# Travel  Plans



## north star (Jan 18, 2014)

*~ ~ **$ **~ ~ **$** ~ ~*

I want to start planning for some travel / vacation later this year.

It's been awhile since I scheduled anything.

How would you experts plan your trips ?

What Travel Sites [ if any ] would you use,  or

would you schedule each part of your travel plans independently

[ flights, vehicle rental, lodging, etc.  ],  or

would you just call a knowledgeable travel agent,  or

other ?

Thanks for any input !

*~ ~ **$** ~ ~* *$* ~ ~


----------



## cda (Jan 18, 2014)

I like travelocity for review of places hotels restaurants

I find it is cheaper to book through the hotel and airline

I have been pricing Hawaii all kinds of ways and found direct book is cheaper. Plus if you do a package deal harder to cancel. Through the hotels you can cancel most the day before

Any destination planned yet???


----------



## RJJ (Jan 18, 2014)

I agree with cda


----------



## north star (Jan 18, 2014)

[ & ]

No destination selected yet !.......Just trying to organize and plan first.

*[ & ]*


----------



## RJJ (Jan 18, 2014)

If you plan to fly get your tickets two months before or earlier. I have had good luck with priceline also.


----------



## cda (Jan 18, 2014)

Yes check airline tickets for about a week, prices go up and down

I have been checking daily and hope to buy soon


----------



## north star (Jan 19, 2014)

*@ @ @*

When checking the airline prices, do you use web sites like

*Kayak, Farecompare* [ in addition to *Travelocity, Expedia,*

*Priceline,*  etc.  ],  or are you calling the individual airlines

themselves ?.......I am finding that the airline prices;  as

well as hotels, vehicles, etc., vary greatly on these sites.

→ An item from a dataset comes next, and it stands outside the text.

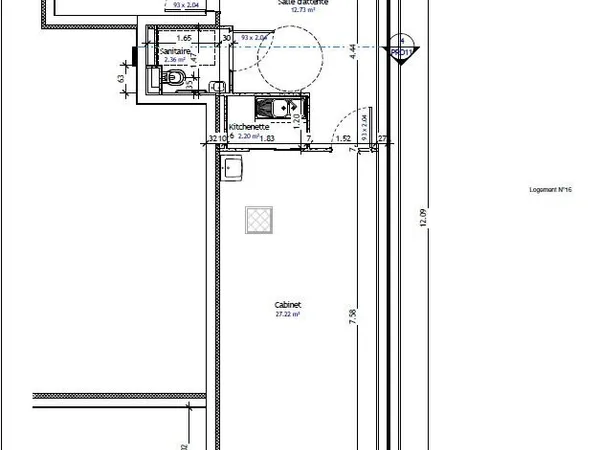 Bureau 46 m²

I am also finding that *Travelocity* seems to be a bit easier

to use.........*Kayak* DOES seem to be more inclusive though !

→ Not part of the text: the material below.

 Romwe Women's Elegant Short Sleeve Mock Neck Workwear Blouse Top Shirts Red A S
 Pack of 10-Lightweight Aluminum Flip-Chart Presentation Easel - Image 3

Also, I have been told that Tues. & Wed. are the best

days to purchase airline tickets,  ...while Tue. thru Thu.

are the cheapest / best days to actually fly.

*@ @ @*


----------



## cda (Jan 19, 2014)

I check the airline and hotel sites direct

Have found same or higher prices on the travel sites.

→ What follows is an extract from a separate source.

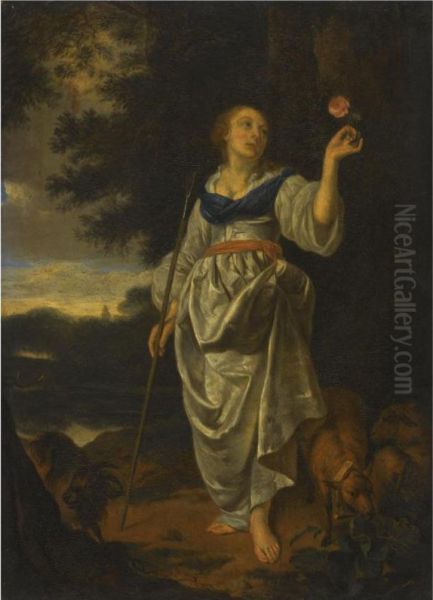 A Shepherdess Oil Painting by Arie de Vois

Plus on hotels if you have aaa or old or other you can get a better price sometimes

On airline I play with the dates go  1-3 days before or after you want to go or come back, to see what the price does, if you have a flexible schedule


----------



## cda (Jan 19, 2014)

On the airline, I have found the one that flys more direct to your destination is cheaper than those that have to connect to their hub and than out to final destination cheaper


----------



## jwelectric (Jan 19, 2014)

I usually do some extensive planning when doing a vacation. First thing I do is see how many days I am going to be gone and plan on having someone come by to tend to the livestock.

Then I plan on how to ensure that there is enough feed to last during my leave.

Then I take the truck out to the middle of my 10 acre pasture and turn the steering wheel as far to the left as it will go. I got this idea from Nascar, the left turn part.

I set my compass on the dashboard and put her in low and floor the gas. Once she comes to a stop the direction the compass is pointing I go in that direction until I have spent half the money I take and then back home.

The wife will usually let me take 2 dollars with me on my trip so sometimes I don’t get very far especially if I am having a good time slinging that truck around in the pasture.


----------



## cda (Jan 19, 2014)

jwelectric said:
			
		

> I usually do some extensive planning when doing a vacation. First thing I do is see how many days I am going to be gone and plan on having someone come by to tend to the livestock.Then I plan on how to ensure that there is enough feed to last during my leave.
> 
> Then I take the truck out to the middle of my 10 acre pasture and turn the steering wheel as far to the left as it will go. I got this idea from Nascar, the left turn part.
> 
> ...


Cows are thinking old McDonald must have gotten in the loco weed again


----------